# [Instructions for the task]
Each entry must appear again exactly as it does in the source.

####################

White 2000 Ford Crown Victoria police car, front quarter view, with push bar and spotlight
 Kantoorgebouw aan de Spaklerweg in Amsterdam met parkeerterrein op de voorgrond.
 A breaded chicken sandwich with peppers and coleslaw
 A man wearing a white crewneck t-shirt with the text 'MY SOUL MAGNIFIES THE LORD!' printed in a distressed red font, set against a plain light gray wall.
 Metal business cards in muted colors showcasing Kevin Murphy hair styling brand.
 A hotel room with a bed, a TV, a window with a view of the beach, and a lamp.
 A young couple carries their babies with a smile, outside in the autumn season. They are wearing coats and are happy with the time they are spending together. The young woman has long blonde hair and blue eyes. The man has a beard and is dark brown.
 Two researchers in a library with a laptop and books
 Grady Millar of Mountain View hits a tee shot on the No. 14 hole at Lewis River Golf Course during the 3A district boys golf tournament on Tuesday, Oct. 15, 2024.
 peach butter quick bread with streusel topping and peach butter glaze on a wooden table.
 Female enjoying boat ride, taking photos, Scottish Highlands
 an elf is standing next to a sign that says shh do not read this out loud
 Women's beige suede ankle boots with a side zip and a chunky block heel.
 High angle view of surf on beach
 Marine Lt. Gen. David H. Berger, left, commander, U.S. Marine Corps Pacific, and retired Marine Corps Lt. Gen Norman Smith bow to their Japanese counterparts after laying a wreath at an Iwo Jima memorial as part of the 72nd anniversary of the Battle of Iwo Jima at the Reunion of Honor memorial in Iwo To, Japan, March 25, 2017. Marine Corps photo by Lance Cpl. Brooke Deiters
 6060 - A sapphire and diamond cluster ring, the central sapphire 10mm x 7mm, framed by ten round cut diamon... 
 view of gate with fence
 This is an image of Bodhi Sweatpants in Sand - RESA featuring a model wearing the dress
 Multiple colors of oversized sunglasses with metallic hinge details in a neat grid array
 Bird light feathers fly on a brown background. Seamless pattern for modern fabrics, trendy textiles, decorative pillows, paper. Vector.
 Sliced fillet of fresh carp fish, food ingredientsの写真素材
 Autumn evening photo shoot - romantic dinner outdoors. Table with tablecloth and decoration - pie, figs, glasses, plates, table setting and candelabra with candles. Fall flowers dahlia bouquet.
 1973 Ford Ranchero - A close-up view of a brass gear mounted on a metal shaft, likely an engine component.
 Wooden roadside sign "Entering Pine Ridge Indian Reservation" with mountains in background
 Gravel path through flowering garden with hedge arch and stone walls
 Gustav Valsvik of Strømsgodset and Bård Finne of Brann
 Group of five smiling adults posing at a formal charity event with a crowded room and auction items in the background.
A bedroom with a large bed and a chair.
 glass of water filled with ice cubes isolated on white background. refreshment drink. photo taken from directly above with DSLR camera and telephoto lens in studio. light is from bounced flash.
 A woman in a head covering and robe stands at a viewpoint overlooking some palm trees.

####################

# [Written answer]
White 2000 Ford Crown Victoria police car, front quarter view, with push bar and spotlight
 Kantoorgebouw aan de Spaklerweg in Amsterdam met parkeerterrein op de voorgrond.
 A breaded chicken sandwich with peppers and coleslaw
 A man wearing a white crewneck t-shirt with the text 'MY SOUL MAGNIFIES THE LORD!' printed in a distressed red font, set against a plain light gray wall.
 Metal business cards in muted colors showcasing Kevin Murphy hair styling brand.
 A hotel room with a bed, a TV, a window with a view of the beach, and a lamp.
 A young couple carries their babies with a smile, outside in the autumn season. They are wearing coats and are happy with the time they are spending together. The young woman has long blonde hair and blue eyes. The man has a beard and is dark brown.
 Two researchers in a library with a laptop and books
 Grady Millar of Mountain View hits a tee shot on the No. 14 hole at Lewis River Golf Course during the 3A district boys golf tournament on Tuesday, Oct. 15, 2024.
 peach butter quick bread with streusel topping and peach butter glaze on a wooden table.
 Female enjoying boat ride, taking photos, Scottish Highlands
 an elf is standing next to a sign that says shh do not read this out loud
 Women's beige suede ankle boots with a side zip and a chunky block heel.
 High angle view of surf on beach
 Marine Lt. Gen. David H. Berger, left, commander, U.S. Marine Corps Pacific, and retired Marine Corps Lt. Gen Norman Smith bow to their Japanese counterparts after laying a wreath at an Iwo Jima memorial as part of the 72nd anniversary of the Battle of Iwo Jima at the Reunion of Honor memorial in Iwo To, Japan, March 25, 2017. Marine Corps photo by Lance Cpl. Brooke Deiters
 6060 - A sapphire and diamond cluster ring, the central sapphire 10mm x 7mm, framed by ten round cut diamon... 
 view of gate with fence
 This is an image of Bodhi Sweatpants in Sand - RESA featuring a model wearing the dress
 Multiple colors of oversized sunglasses with metallic hinge details in a neat grid array
 Bird light feathers fly on a brown background. Seamless pattern for modern fabrics, trendy textiles, decorative pillows, paper. Vector.
 Sliced fillet of fresh carp fish, food ingredientsの写真素材
 Autumn evening photo shoot - romantic dinner outdoors. Table with tablecloth and decoration - pie, figs, glasses, plates, table setting and candelabra with candles. Fall flowers dahlia bouquet.
 1973 Ford Ranchero - A close-up view of a brass gear mounted on a metal shaft, likely an engine component.
 Wooden roadside sign "Entering Pine Ridge Indian Reservation" with mountains in background
 Gravel path through flowering garden with hedge arch and stone walls
 Gustav Valsvik of Strømsgodset and Bård Finne of Brann
 Group of five smiling adults posing at a formal charity event with a crowded room and auction items in the background.
A bedroom with a large bed and a chair.
 glass of water filled with ice cubes isolated on white background. refreshment drink. photo taken from directly above with DSLR camera and telephoto lens in studio. light is from bounced flash.
 A woman in a head covering and robe stands at a viewpoint overlooking some palm trees.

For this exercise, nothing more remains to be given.